Incomplete responses to the I-QOL
The I-QOL is a questionnaire instrument with 22 items and the score is computed from all items. In such a situation, missing responses might be an important problem, leading to the reduction of sample size and study power. In our survey, 11 subjects (3.5%) replied to none of the I-QOL items; however, at least 1 item was missing for 49 other subjects. Thirty subjects missed 1 item, 4 missed 2 items, 3 missed 3 items, and 12 each missed 4 to 20 items. The number of missing responses for the 22 questions ranged from 5% to 7%, with the exception of the statement, “I worry about having sex,” for which the missing rate was 13%. Even though the missing rate for individual items was no higher than 13%, only 250 (80.7%) of I-QOL scores were complete.
Table 2 shows those variables significantly associated with incomplete response in a logistic regression model. Older women and women who had not graduated from high school were less likely to return a completed instrument, as were women who reported only urge incontinence. In addition, women who reported that incontinence was a problem were less likely to complete all the questions. These associations suggested that omitting women with incomplete responses from the analyses of I-QOL might introduce selection bias. We managed this problem by making use of the methods of multiple imputation.

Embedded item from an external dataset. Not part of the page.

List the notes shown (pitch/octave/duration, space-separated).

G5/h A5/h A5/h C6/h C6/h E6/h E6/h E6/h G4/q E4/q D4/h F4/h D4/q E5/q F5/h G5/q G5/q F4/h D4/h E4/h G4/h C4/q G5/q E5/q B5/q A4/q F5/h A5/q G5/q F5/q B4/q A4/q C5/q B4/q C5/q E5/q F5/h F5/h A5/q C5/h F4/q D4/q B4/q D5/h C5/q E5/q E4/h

Associations of I-QOL with incontinence factors
The I-QOL is scored in the range of 0 to 100, with lower scores indicating lower quality of life. The mean value of I-QOL among respondents was 83 (range, 15-100). We anticipated that the I-QOL scores would vary systematically with incontinence-related factors and planned to investigate these relationships with a linear regression model. We suspected, however, that the relationships between I-QOL and the number of daytime and nighttime episodes of incontinence might be nonlinear. We thus explored these relations with nonparametric regression methods, and Figure 1 shows the relations as estimated with a generalized additive model.12 The method of generalized additive models is a computer-intensive one that makes no prior assumptions about the shape of the relations between the outcome and the explanatory variables. It fits smooth, arbitrarily shaped functions to the data by a method that is a generalization of the “moving average.” Figure 1 shows that the I-QOL decreased as the number of incontinence episodes increased, but then reached a plateau when the frequency of occurrence was about 1 episode per day. In other words, quality of life worsened as the number of incontinence episodes increased from less than once per week to once per day. However, once incontinence was occurring daily, there was no further decrease in the perceived quality of life as incontinence episodes became more frequent than once per day. We found that these plateau relations could be satisfactorily modeled with logarithmic transformations of the number of incontinence episodes; ie, log (number of incontinence episodes per week + 1), where the 1 has been added to avoid log(0), which is undefined mathematically.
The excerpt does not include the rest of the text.